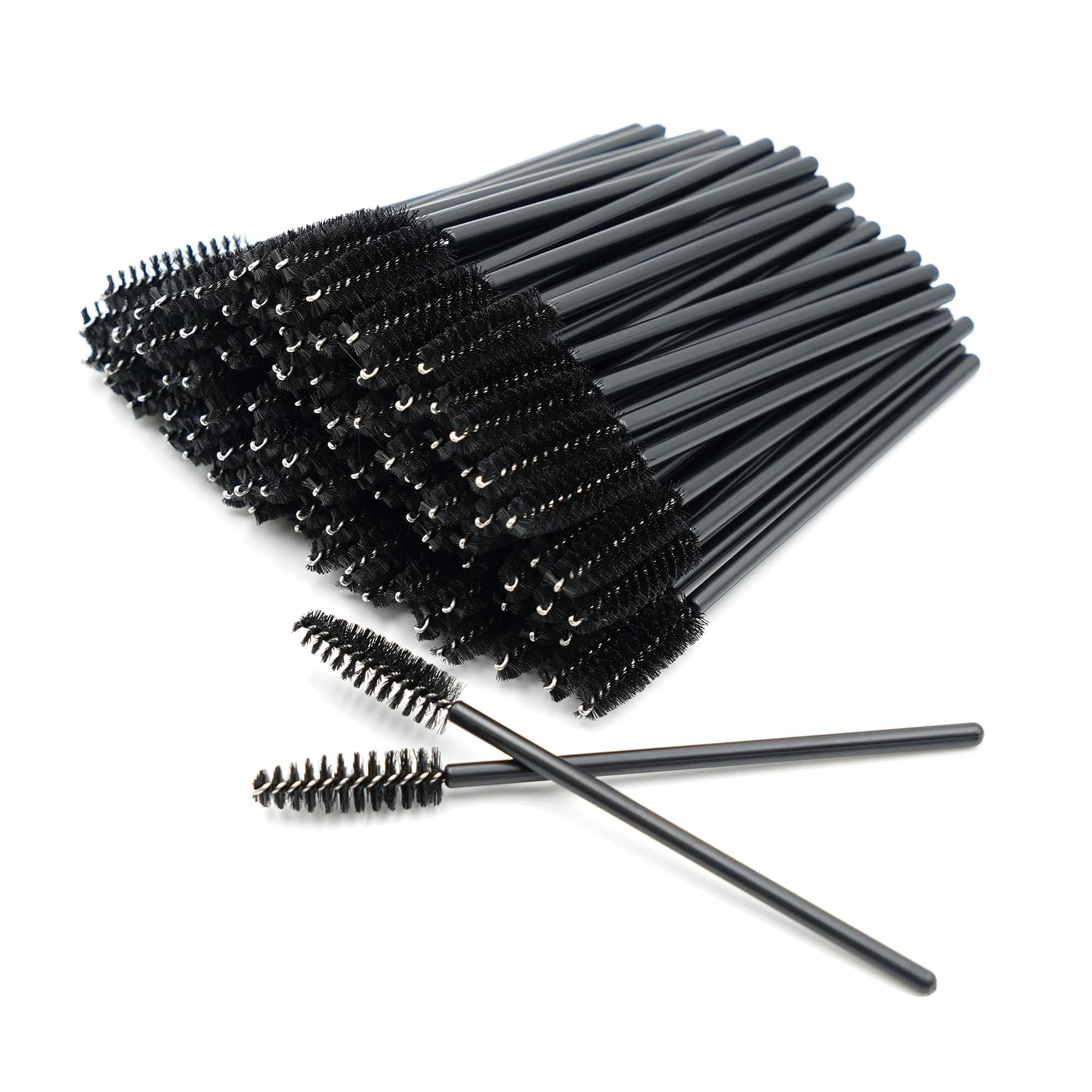 AIBAOBAO 100 PCS Black Eyelash Brushes & Spoolies, Eyebrow & Eyelash Extension Tools, Castor Oil Mascara Wands, Makeup Brushes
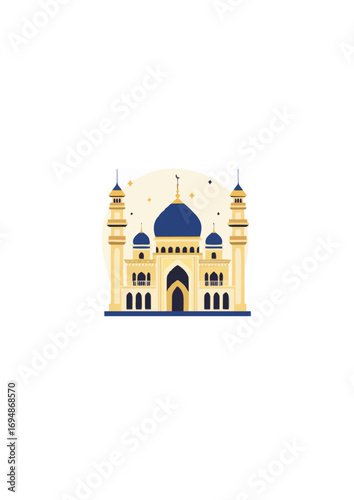 Golden islamic mosque exterior building landscape.ai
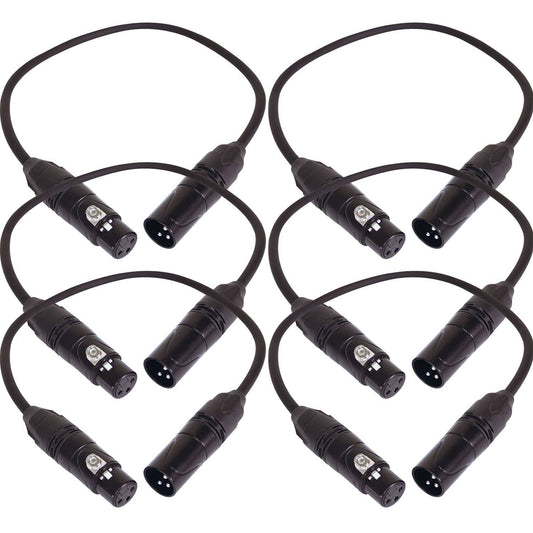1.5ft 3-Pin DMX Lighting Cable 6-Pack - ProSound and Stage Lighting
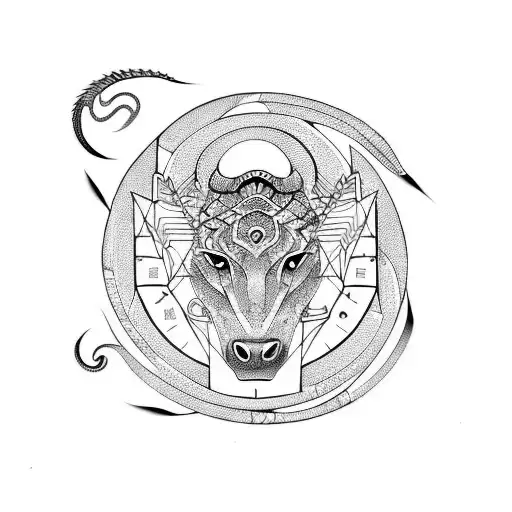 geometric design combination of zodiac signs of dragon, horse, tiger and snake tattoo design idea
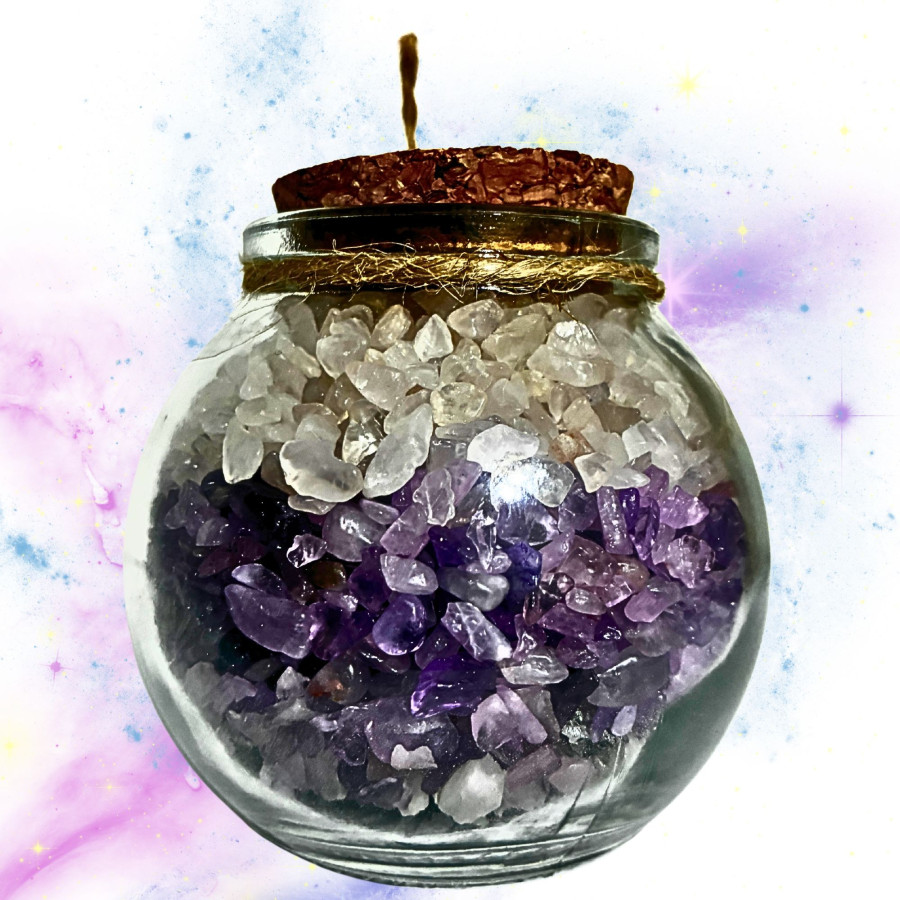 Detalle interior tarrito Cáncer minerales piedra luna amatista cuarzo rosa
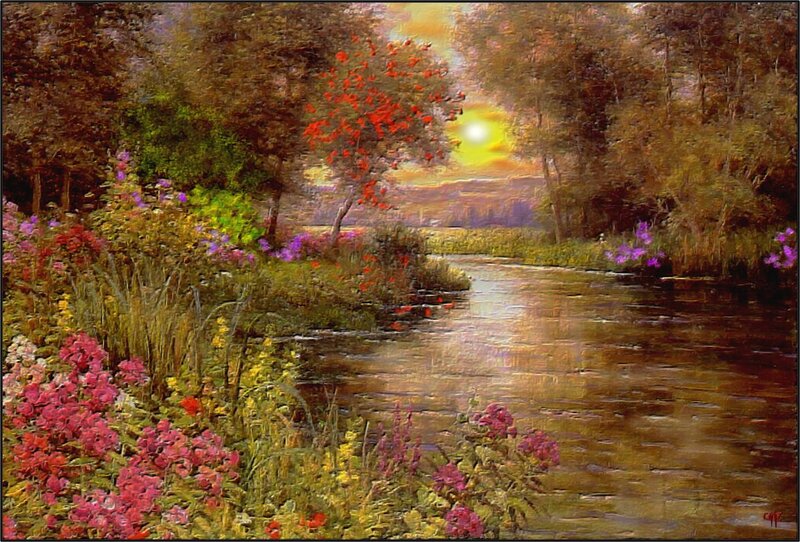 River Through Forest — Green, Serene, Sunset, Painting, Flowers
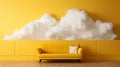 A yellow couch is sitting in front of a yellow wall with clouds on it Royalty Free Stock Photo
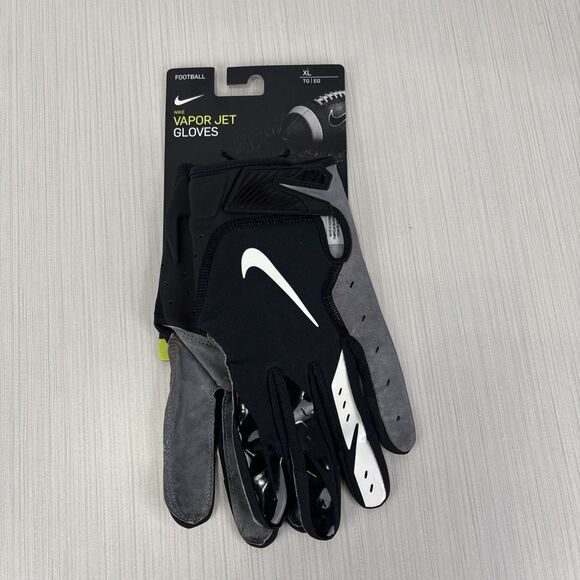 Mens Size XL Nike Vapor Jet 5.0 FG NFL Leather Football Gloves Black PGF665-017 - Picture 1 of 8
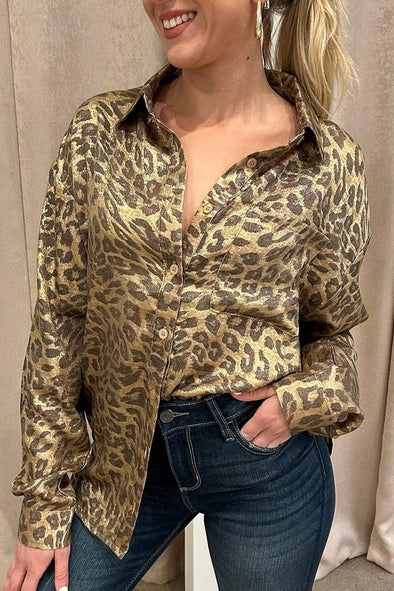 Women's fashionable leopard print shirt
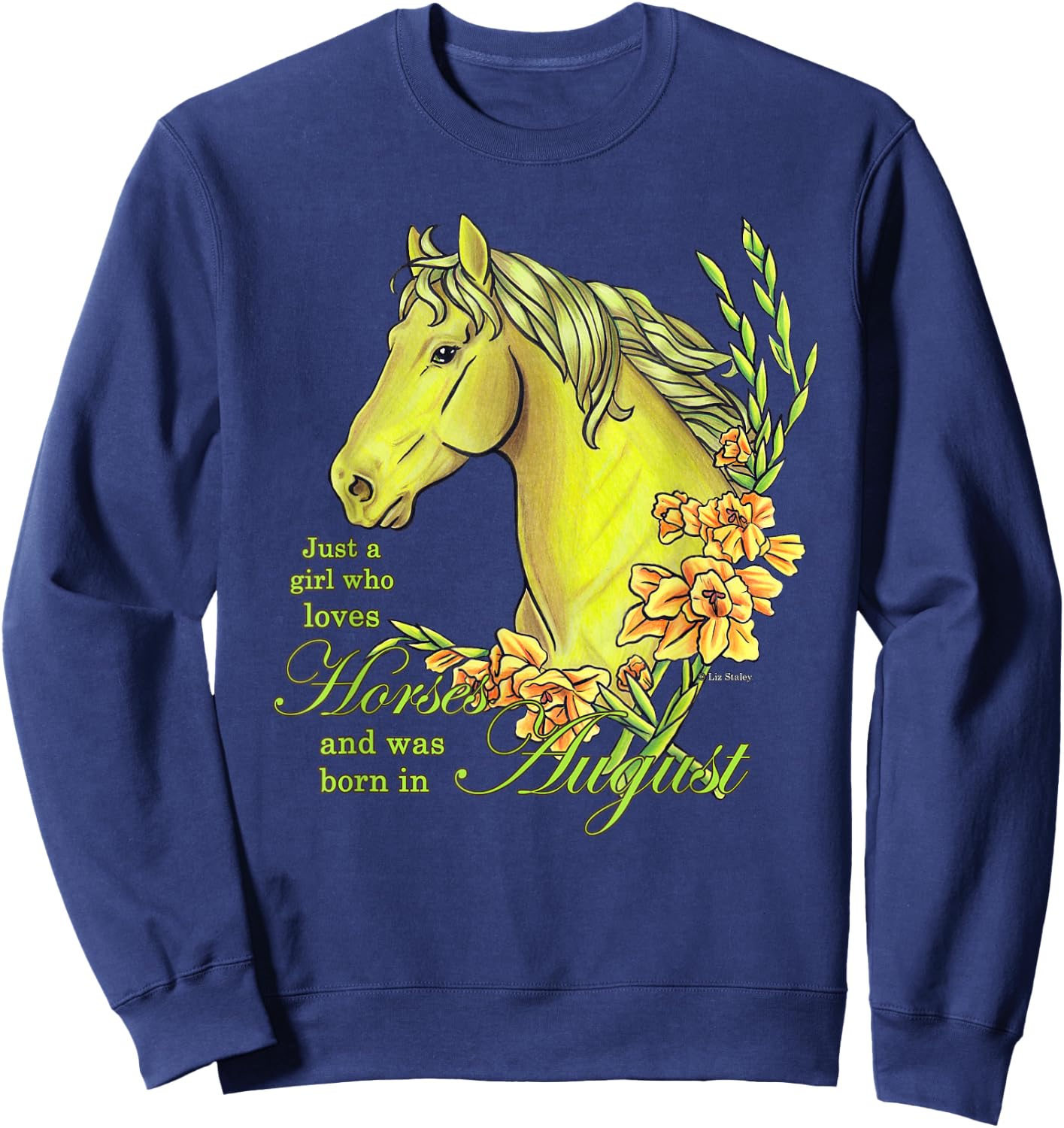 Just A Girl Who Loves Horses Born In August Peridot Horse Sweatshirt - Sweatshirt | Navy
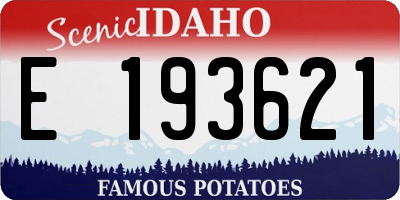 ID license plate E193621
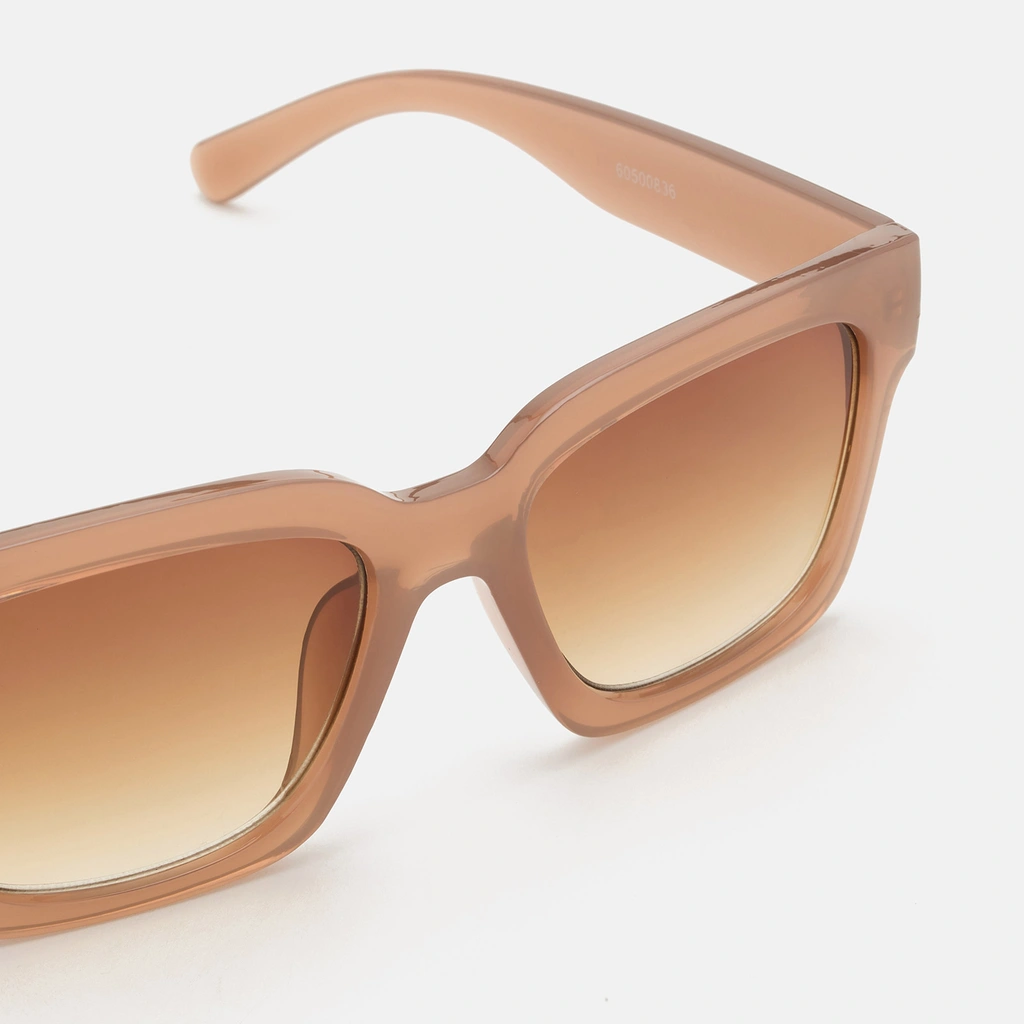 Kantiga solglasögon, Retro -  beige ram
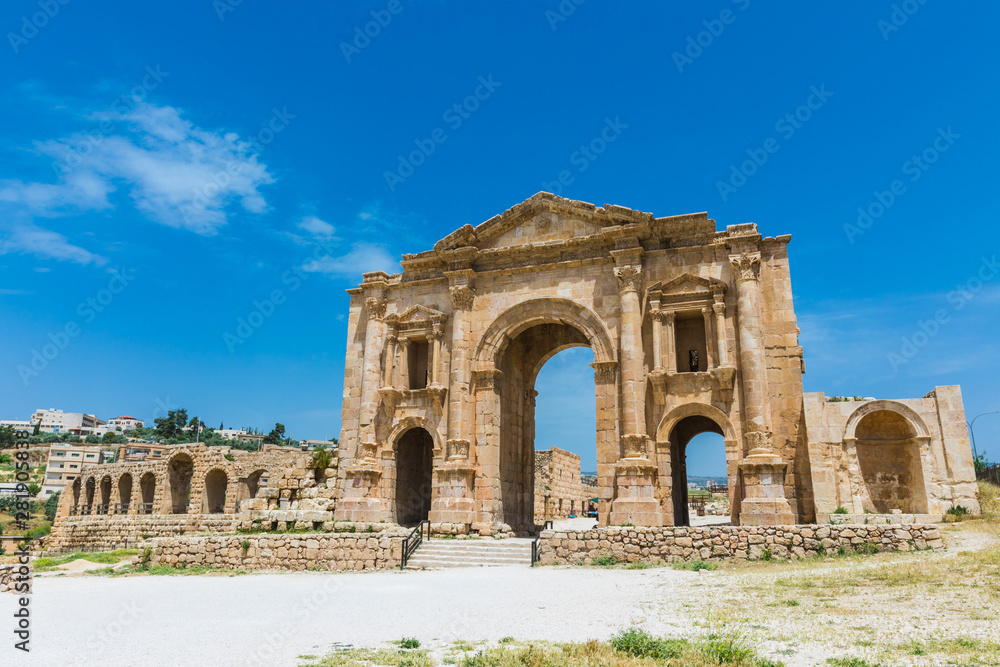 The ruins of Jerash in Jordan are the best preserved city of the early Greco-Roman era, it is the largest acropolis of East Asia. The Arch of Hadrian was built to honour the visit of Emperor Hadrian
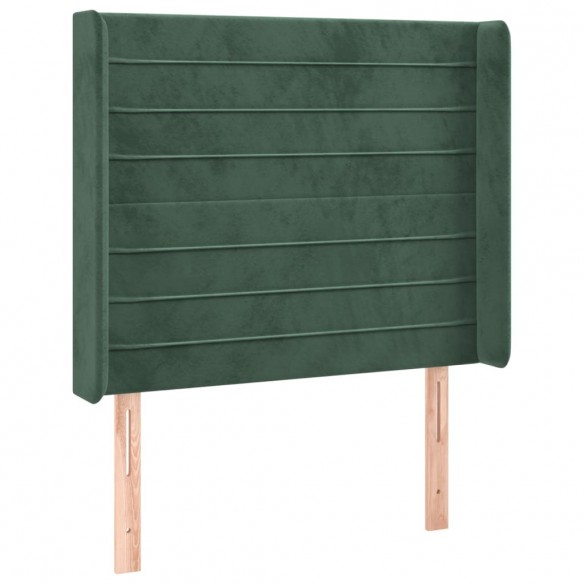 Cadre de lit matelas et LED Vert foncé 100x200 cm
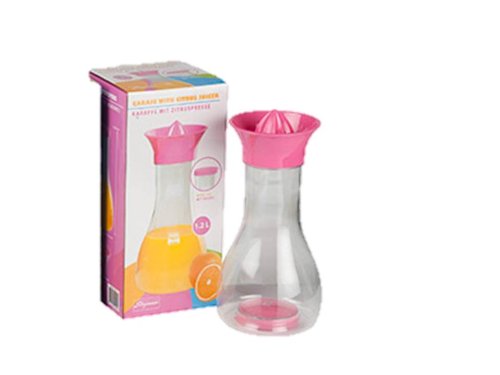 Citrus Pink - Mixer - Flasche 1,2 Liter mit integrierter Zitrus- / Orangenpresse für frische Getränke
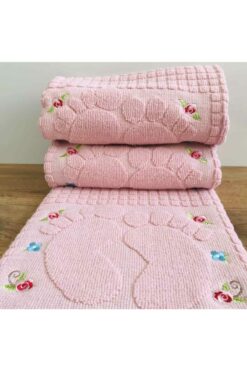 AYHANHOME 3 Adet Pudra Renk Nakışlı Ayak Havlusu %100 Pamuk Ölçü:50x70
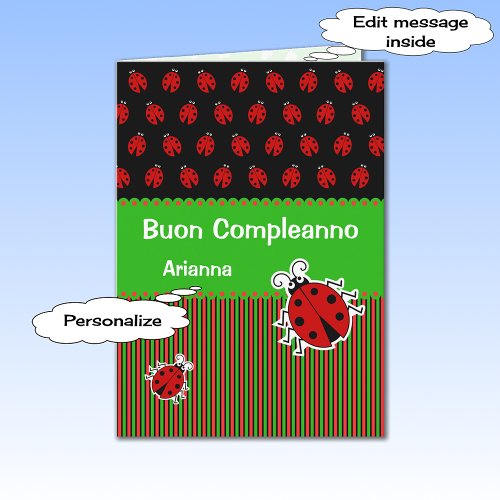 Ladybug birthday italian custom text card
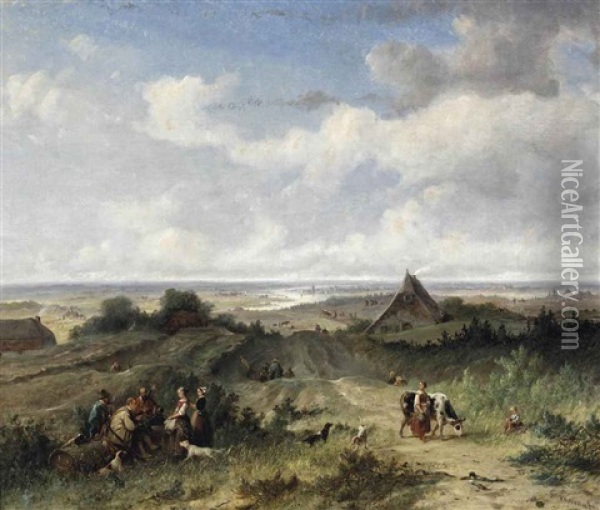 A Panoramic River Landscape With Figures Conversing In The Foreground Oil Painting - Johannes (Jan) Tavenraat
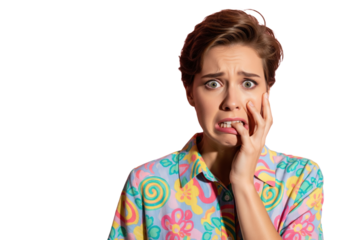 Extremely terrified young woman with hand on face, isolated on a transparent background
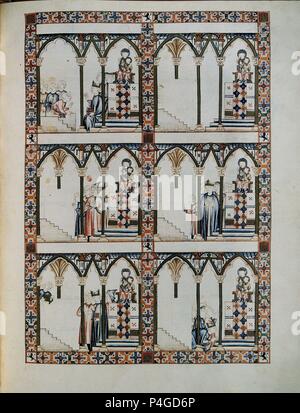 Spanish School. Cantigas de Santa Maria (Manuskript mit Musik Notationen): Jungfrau Maria Drehen des Teufels Statue in Schwarz. 13. Jahrhundert. Canticum, n° 219, Folio 93 R. Florenz, National Library. Autor: Alfons X. von Kastilien, der Weise (1221-1284). Lage: COLECCIÓN Biblioteca Nacional, Florenz, Italien. Stockfoto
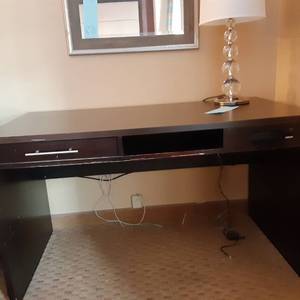 lot 870 image: Office Lot Desk & Bubble Lamp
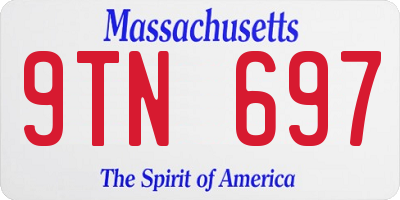 MA license plate 9TN697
-*-*-
The problem:
Repeat word for word, and nothing more, the lines between the line containing "Women's fashionable leopard print shirt" and the last line of the records above, inclusive, without pictures.

Your solution:
 Women's fashionable leopard print shirt
 Just A Girl Who Loves Horses Born In August Peridot Horse Sweatshirt - Sweatshirt | Navy
 ID license plate E193621
 Kantiga solglasögon, Retro -  beige ram
 The ruins of Jerash in Jordan are the best preserved city of the early Greco-Roman era, it is the largest acropolis of East Asia. The Arch of Hadrian was built to honour the visit of Emperor Hadrian
 Cadre de lit matelas et LED Vert foncé 100x200 cm
 Citrus Pink - Mixer - Flasche 1,2 Liter mit integrierter Zitrus- / Orangenpresse für frische Getränke
 AYHANHOME 3 Adet Pudra Renk Nakışlı Ayak Havlusu %100 Pamuk Ölçü:50x70
 Ladybug birthday italian custom text card
 A Panoramic River Landscape With Figures Conversing In The Foreground Oil Painting - Johannes (Jan) Tavenraat
 Extremely terrified young woman with hand on face, isolated on a transparent background
 Spanish School. Cantigas de Santa Maria (Manuskript mit Musik Notationen): Jungfrau Maria Drehen des Teufels Statue in Schwarz. 13. Jahrhundert. Canticum, n° 219, Folio 93 R. Florenz, National Library. Autor: Alfons X. von Kastilien, der Weise (1221-1284). Lage: COLECCIÓN Biblioteca Nacional, Florenz, Italien. Stockfoto
 lot 870 image: Office Lot Desk & Bubble Lamp
 MA license plate 9TN697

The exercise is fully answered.